I hope you are all managing to keep safe and well and are maintaining the good practices that have kept us so healthy. Although we have seen a bit more sickness/ absentees over the last couple of weeks, within both students and staff , it has been interesting to see the reduction in illnesses such as colds, flu and gastro that often go through schools since the increase in hand washing and staying home if you are unwell.
It is also important that we maintain the limits on adults attending schools. I would like to sincerely thank you all for your support in this. It has been disappointing to have to turn parents away when we have worked so hard to encourage you in in the past. I know that many of you are missing seeing your kids to the classroom and having a look at their work. The positive side to this has been seeing the resilience of your kids improve. They are generally very confident in making their way to class and getting themselves set up. Please keep in contact with your child’s teacher if you have any questions. We are happy to make phone call or zoom appointments. With our continued hard work on maintaining these practices, hopefully we will stay COVID-19 safe.
As we move into the second half of the term, the business of school life is being somewhat taken for granted and we need to be mindful of the stresses which young children can experience at this time of year. Kids need to be active, but they also need time to rest. Sleep and nutrition are vital, especially during periods of vigorous routine and or illness. This is the time where children will start to feel the wear and tear of school, homework and extra-curricular activities. Naturally, they will become more emotional over issues that a few weeks ago would be handled with ease. One such issue would be maintaining positive relationships with their school mates.
Conflict with peers is unavoidable and is all part of growing up. From my experience, most disagreements occur at the back end of each school term. Petty, niggling things that others may say or do suddenly become major reasons for arguments and strained friendships. At times like these, teachers and parents play an important role in guiding children through these rough patches. It is also important not to catastrophize issues into something they are not.
An example of this is to avoid labelling minor school or playground incidents as bullying. Bullying should not be confused with not getting along with someone, rejection, random or one-off verbal or physical conflict. While teachers put a lot of effort into supporting students to maintain positive relationships with each other, children will tease and fight at some stage; however, this bickering or ‘friendship fires’ should not be confused with bullying.
Bullying is an insidious behaviour and can take on many forms and guises such as physical and emotional abuse, intimidation, harassment and exclusion.

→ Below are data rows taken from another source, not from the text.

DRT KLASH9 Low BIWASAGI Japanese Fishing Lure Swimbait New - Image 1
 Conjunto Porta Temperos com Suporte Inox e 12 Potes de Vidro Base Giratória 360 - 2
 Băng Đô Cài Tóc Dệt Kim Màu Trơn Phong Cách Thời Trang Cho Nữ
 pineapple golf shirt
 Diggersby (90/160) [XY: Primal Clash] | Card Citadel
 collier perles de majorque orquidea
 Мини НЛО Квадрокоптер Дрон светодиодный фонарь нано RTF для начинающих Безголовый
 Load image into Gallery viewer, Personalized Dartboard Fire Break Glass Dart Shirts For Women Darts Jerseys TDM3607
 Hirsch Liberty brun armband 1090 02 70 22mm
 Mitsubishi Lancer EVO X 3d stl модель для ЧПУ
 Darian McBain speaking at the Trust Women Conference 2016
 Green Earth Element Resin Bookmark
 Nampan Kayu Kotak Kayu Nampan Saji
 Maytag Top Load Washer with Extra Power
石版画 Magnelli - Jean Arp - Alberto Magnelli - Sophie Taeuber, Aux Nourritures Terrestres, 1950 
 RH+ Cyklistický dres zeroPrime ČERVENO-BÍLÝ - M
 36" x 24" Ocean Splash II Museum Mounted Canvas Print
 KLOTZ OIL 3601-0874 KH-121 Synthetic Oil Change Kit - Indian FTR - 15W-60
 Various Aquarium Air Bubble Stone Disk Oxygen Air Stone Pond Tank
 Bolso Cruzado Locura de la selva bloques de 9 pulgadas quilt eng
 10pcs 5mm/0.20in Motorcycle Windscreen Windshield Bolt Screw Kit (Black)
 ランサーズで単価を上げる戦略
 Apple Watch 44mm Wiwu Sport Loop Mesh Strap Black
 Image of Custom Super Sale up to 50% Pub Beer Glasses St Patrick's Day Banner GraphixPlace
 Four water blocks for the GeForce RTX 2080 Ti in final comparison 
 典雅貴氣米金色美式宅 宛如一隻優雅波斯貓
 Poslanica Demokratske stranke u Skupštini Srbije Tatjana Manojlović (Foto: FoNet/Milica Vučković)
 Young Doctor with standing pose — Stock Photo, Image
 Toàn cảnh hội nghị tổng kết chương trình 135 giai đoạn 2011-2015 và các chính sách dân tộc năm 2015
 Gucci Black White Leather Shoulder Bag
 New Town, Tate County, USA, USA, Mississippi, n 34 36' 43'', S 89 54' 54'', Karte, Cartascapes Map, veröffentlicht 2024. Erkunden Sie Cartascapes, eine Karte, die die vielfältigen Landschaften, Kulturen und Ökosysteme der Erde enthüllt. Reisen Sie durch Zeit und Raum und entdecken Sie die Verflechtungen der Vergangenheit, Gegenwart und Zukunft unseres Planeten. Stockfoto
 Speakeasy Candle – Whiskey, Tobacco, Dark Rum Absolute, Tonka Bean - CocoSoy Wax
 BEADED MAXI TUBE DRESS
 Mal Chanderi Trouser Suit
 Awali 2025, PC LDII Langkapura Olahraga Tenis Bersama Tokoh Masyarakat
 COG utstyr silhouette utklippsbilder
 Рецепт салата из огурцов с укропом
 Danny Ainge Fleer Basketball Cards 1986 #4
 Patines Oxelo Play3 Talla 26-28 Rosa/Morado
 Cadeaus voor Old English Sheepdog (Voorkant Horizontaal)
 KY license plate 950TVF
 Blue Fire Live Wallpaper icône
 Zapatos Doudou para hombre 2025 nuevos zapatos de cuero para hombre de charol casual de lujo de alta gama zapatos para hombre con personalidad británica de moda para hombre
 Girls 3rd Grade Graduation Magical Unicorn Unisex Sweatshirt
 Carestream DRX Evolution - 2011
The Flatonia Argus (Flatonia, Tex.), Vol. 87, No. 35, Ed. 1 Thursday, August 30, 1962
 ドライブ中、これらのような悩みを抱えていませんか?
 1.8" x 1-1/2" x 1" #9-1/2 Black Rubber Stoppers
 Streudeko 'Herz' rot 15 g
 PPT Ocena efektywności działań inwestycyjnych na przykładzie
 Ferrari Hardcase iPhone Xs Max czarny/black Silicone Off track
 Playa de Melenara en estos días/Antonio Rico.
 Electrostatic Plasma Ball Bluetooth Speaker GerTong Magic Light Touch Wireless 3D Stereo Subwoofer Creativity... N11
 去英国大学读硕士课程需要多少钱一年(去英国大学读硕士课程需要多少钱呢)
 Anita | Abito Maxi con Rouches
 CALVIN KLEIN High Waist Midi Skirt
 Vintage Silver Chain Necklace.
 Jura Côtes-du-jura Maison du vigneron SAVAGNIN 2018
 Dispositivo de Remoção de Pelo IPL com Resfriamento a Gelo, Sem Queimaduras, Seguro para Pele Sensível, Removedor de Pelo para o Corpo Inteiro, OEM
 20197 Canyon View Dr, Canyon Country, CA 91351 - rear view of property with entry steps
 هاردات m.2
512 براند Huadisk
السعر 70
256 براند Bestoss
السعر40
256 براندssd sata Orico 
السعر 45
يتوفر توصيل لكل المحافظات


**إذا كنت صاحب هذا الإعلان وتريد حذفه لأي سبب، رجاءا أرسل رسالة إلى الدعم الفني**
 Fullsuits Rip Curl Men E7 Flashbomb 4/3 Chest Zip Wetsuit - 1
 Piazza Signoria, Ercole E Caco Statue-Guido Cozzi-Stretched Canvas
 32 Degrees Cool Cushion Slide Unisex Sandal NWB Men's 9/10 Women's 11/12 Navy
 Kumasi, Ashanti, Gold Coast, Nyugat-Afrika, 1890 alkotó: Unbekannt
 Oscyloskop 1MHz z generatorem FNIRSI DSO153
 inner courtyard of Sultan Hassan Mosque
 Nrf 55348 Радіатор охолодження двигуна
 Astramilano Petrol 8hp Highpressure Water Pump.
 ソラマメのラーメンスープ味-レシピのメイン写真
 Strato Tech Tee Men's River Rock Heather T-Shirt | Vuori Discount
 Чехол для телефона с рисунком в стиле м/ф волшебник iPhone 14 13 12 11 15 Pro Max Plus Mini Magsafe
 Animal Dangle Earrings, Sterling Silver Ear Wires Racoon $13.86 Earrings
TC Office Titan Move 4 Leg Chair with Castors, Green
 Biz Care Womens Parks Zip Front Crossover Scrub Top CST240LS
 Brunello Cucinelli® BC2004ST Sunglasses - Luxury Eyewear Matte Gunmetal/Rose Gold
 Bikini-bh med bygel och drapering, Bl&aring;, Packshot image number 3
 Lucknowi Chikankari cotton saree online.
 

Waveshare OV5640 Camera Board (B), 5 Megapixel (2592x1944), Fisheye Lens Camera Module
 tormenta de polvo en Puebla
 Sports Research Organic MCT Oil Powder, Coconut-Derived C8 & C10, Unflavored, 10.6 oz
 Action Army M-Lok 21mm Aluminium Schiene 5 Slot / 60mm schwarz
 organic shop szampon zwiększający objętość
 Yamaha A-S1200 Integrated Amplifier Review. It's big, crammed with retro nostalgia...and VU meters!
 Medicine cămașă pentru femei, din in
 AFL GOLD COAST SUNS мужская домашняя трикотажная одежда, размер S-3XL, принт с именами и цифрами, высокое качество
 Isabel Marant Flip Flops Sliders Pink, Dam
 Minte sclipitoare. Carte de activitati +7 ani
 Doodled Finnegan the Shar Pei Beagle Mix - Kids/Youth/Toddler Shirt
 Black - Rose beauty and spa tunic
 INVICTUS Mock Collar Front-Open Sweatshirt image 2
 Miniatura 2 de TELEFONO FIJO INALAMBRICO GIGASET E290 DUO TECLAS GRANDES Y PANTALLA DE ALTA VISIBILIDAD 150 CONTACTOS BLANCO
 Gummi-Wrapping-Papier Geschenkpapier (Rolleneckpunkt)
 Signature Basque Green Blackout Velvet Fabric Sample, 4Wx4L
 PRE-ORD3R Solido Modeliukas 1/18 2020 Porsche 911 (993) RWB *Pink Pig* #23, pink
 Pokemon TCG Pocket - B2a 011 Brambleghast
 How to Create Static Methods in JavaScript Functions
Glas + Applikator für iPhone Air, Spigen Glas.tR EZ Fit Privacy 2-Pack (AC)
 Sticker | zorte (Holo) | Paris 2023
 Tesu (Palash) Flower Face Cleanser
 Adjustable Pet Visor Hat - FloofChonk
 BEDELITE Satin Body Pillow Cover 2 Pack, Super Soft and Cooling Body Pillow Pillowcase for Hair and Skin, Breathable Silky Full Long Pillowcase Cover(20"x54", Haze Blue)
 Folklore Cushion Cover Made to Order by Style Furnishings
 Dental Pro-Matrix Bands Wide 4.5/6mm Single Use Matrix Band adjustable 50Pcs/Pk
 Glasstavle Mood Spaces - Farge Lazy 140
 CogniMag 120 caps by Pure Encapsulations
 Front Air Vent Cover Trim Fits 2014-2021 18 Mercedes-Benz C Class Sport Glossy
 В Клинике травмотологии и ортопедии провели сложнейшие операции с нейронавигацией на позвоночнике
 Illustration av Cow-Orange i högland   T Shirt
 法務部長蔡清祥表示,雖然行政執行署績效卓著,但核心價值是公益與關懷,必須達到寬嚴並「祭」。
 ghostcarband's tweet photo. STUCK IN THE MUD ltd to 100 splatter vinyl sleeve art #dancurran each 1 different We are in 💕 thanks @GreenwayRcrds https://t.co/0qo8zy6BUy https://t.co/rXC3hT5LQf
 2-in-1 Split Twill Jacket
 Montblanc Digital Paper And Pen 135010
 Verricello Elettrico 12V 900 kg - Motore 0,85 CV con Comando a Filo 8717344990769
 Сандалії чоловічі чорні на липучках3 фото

It is not the domain of just one gender. Girls bully just as much as boys, but they do it in less physical ways. Whilst boys use physical intimidation or verbal abuse to wield power, girls are more likely to use exclusion or sarcasm to assert themselves.
Bullying is about lack of power, as one person is powerless to stop the teasing or physical abuse. Bullying is the selective, uninvited, repetitive oppression of one person by another person or group. Sometimes, we don’t find out that someone has been bullied until after a long period of time and this proves very difficult to resolve, as recollections of incidents can become unclear if they occurred some months beforehand. This is why it is important to identify and act on any possible signs of potential bullying at the earliest opportunity. For this to occur, teachers, parents and children need to communicate and co-operate as soon as any signs may appear.
If you suspect your child is being bullied, here are some helpful hints on what to do:
- Listen to their story. Children experiencing stress in their lives need someone to believe their story. Take them seriously yet take some time to help them differentiate between bullying and teasing. Kids can be nasty to one another at times, yet this does not constitute bullying.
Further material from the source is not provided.